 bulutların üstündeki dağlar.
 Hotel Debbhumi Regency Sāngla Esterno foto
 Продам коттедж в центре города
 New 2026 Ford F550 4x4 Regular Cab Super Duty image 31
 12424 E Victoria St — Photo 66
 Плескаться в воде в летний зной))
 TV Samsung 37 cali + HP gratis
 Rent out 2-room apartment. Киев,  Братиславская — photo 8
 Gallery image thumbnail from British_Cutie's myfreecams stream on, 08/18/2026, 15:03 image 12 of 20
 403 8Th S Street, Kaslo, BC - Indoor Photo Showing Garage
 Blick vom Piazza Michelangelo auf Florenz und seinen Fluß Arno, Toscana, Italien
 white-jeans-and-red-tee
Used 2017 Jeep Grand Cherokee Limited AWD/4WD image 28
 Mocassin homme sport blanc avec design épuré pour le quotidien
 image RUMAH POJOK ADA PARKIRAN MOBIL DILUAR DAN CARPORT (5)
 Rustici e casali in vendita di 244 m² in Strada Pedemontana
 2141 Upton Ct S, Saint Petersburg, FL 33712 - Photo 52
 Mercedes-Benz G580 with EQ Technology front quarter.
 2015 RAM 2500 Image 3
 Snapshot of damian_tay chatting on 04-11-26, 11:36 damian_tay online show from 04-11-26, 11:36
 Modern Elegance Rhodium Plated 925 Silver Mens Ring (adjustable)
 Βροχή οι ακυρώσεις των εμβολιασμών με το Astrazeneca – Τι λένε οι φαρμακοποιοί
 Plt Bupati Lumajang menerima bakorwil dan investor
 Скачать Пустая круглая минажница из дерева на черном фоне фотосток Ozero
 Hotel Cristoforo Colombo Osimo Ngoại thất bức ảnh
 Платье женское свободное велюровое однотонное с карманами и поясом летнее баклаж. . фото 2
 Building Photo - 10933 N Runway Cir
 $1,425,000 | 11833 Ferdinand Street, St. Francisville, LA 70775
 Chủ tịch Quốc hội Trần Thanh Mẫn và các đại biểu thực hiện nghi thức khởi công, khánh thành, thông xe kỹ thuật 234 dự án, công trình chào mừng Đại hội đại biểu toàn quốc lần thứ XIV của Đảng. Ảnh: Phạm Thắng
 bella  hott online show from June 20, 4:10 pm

Task to complete:
So that nothing is lost, write out each record exactly as it appears above.

Answer to the exercise:
 bulutların üstündeki dağlar.
 Hotel Debbhumi Regency Sāngla Esterno foto
 Продам коттедж в центре города
 New 2026 Ford F550 4x4 Regular Cab Super Duty image 31
 12424 E Victoria St — Photo 66
 Плескаться в воде в летний зной))
 TV Samsung 37 cali + HP gratis
 Rent out 2-room apartment. Киев,  Братиславская — photo 8
 Gallery image thumbnail from British_Cutie's myfreecams stream on, 08/18/2026, 15:03 image 12 of 20
 403 8Th S Street, Kaslo, BC - Indoor Photo Showing Garage
 Blick vom Piazza Michelangelo auf Florenz und seinen Fluß Arno, Toscana, Italien
 white-jeans-and-red-tee
Used 2017 Jeep Grand Cherokee Limited AWD/4WD image 28
 Mocassin homme sport blanc avec design épuré pour le quotidien
 image RUMAH POJOK ADA PARKIRAN MOBIL DILUAR DAN CARPORT (5)
 Rustici e casali in vendita di 244 m² in Strada Pedemontana
 2141 Upton Ct S, Saint Petersburg, FL 33712 - Photo 52
 Mercedes-Benz G580 with EQ Technology front quarter.
 2015 RAM 2500 Image 3
 Snapshot of damian_tay chatting on 04-11-26, 11:36 damian_tay online show from 04-11-26, 11:36
 Modern Elegance Rhodium Plated 925 Silver Mens Ring (adjustable)
 Βροχή οι ακυρώσεις των εμβολιασμών με το Astrazeneca – Τι λένε οι φαρμακοποιοί
 Plt Bupati Lumajang menerima bakorwil dan investor
 Скачать Пустая круглая минажница из дерева на черном фоне фотосток Ozero
 Hotel Cristoforo Colombo Osimo Ngoại thất bức ảnh
 Платье женское свободное велюровое однотонное с карманами и поясом летнее баклаж. . фото 2
 Building Photo - 10933 N Runway Cir
 $1,425,000 | 11833 Ferdinand Street, St. Francisville, LA 70775
 Chủ tịch Quốc hội Trần Thanh Mẫn và các đại biểu thực hiện nghi thức khởi công, khánh thành, thông xe kỹ thuật 234 dự án, công trình chào mừng Đại hội đại biểu toàn quốc lần thứ XIV của Đảng. Ảnh: Phạm Thắng
 bella  hott online show from June 20, 4:10 pm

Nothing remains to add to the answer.